(DATASET EXTRACT Opens)

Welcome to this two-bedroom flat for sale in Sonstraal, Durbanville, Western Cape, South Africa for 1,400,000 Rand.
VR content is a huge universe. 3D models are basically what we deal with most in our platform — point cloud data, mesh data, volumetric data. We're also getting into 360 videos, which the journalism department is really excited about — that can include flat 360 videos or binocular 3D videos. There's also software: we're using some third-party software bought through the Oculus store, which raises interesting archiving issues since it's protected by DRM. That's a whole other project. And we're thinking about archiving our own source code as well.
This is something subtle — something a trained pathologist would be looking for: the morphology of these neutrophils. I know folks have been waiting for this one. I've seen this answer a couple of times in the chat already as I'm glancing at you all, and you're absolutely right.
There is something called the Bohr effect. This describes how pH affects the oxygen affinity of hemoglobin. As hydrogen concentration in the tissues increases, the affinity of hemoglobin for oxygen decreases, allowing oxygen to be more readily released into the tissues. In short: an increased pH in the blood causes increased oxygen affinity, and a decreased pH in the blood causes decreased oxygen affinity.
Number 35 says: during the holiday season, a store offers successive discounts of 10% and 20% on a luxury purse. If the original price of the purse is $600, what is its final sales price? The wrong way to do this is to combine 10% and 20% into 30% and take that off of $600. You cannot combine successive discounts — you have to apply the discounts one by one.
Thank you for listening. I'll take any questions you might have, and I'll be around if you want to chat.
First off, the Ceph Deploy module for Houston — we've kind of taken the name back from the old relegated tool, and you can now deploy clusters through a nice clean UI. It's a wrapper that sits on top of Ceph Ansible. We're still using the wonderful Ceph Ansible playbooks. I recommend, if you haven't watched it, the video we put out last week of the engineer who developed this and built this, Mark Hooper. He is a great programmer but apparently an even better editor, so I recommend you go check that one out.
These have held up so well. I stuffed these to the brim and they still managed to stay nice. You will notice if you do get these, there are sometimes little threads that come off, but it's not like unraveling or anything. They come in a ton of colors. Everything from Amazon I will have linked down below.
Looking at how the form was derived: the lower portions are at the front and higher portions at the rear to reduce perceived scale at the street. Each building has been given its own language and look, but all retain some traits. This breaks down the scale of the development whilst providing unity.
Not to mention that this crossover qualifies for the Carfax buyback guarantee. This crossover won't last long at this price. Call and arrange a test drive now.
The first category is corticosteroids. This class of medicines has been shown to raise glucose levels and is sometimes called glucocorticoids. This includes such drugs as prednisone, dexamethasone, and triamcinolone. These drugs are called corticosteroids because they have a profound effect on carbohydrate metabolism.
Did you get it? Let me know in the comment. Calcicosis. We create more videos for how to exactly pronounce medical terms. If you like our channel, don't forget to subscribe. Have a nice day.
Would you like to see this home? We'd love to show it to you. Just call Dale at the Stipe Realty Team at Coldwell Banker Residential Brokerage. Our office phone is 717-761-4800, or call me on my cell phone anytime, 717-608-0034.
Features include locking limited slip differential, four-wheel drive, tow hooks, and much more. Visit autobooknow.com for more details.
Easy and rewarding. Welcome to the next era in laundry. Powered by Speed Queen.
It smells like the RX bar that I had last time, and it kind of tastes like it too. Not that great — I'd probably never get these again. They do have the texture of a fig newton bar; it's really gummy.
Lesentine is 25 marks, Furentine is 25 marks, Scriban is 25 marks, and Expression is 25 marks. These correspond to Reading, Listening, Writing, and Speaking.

(DATASET EXTRACT Closes)

REQUIREMENT: The data above needs retyping. Reproduce each line exactly.

FINAL ANSWER:
Welcome to this two-bedroom flat for sale in Sonstraal, Durbanville, Western Cape, South Africa for 1,400,000 Rand.
VR content is a huge universe. 3D models are basically what we deal with most in our platform — point cloud data, mesh data, volumetric data. We're also getting into 360 videos, which the journalism department is really excited about — that can include flat 360 videos or binocular 3D videos. There's also software: we're using some third-party software bought through the Oculus store, which raises interesting archiving issues since it's protected by DRM. That's a whole other project. And we're thinking about archiving our own source code as well.
This is something subtle — something a trained pathologist would be looking for: the morphology of these neutrophils. I know folks have been waiting for this one. I've seen this answer a couple of times in the chat already as I'm glancing at you all, and you're absolutely right.
There is something called the Bohr effect. This describes how pH affects the oxygen affinity of hemoglobin. As hydrogen concentration in the tissues increases, the affinity of hemoglobin for oxygen decreases, allowing oxygen to be more readily released into the tissues. In short: an increased pH in the blood causes increased oxygen affinity, and a decreased pH in the blood causes decreased oxygen affinity.
Number 35 says: during the holiday season, a store offers successive discounts of 10% and 20% on a luxury purse. If the original price of the purse is $600, what is its final sales price? The wrong way to do this is to combine 10% and 20% into 30% and take that off of $600. You cannot combine successive discounts — you have to apply the discounts one by one.
Thank you for listening. I'll take any questions you might have, and I'll be around if you want to chat.
First off, the Ceph Deploy module for Houston — we've kind of taken the name back from the old relegated tool, and you can now deploy clusters through a nice clean UI. It's a wrapper that sits on top of Ceph Ansible. We're still using the wonderful Ceph Ansible playbooks. I recommend, if you haven't watched it, the video we put out last week of the engineer who developed this and built this, Mark Hooper. He is a great programmer but apparently an even better editor, so I recommend you go check that one out.
These have held up so well. I stuffed these to the brim and they still managed to stay nice. You will notice if you do get these, there are sometimes little threads that come off, but it's not like unraveling or anything. They come in a ton of colors. Everything from Amazon I will have linked down below.
Looking at how the form was derived: the lower portions are at the front and higher portions at the rear to reduce perceived scale at the street. Each building has been given its own language and look, but all retain some traits. This breaks down the scale of the development whilst providing unity.
Not to mention that this crossover qualifies for the Carfax buyback guarantee. This crossover won't last long at this price. Call and arrange a test drive now.
The first category is corticosteroids. This class of medicines has been shown to raise glucose levels and is sometimes called glucocorticoids. This includes such drugs as prednisone, dexamethasone, and triamcinolone. These drugs are called corticosteroids because they have a profound effect on carbohydrate metabolism.
Did you get it? Let me know in the comment. Calcicosis. We create more videos for how to exactly pronounce medical terms. If you like our channel, don't forget to subscribe. Have a nice day.
Would you like to see this home? We'd love to show it to you. Just call Dale at the Stipe Realty Team at Coldwell Banker Residential Brokerage. Our office phone is 717-761-4800, or call me on my cell phone anytime, 717-608-0034.
Features include locking limited slip differential, four-wheel drive, tow hooks, and much more. Visit autobooknow.com for more details.
Easy and rewarding. Welcome to the next era in laundry. Powered by Speed Queen.
It smells like the RX bar that I had last time, and it kind of tastes like it too. Not that great — I'd probably never get these again. They do have the texture of a fig newton bar; it's really gummy.
Lesentine is 25 marks, Furentine is 25 marks, Scriban is 25 marks, and Expression is 25 marks. These correspond to Reading, Listening, Writing, and Speaking.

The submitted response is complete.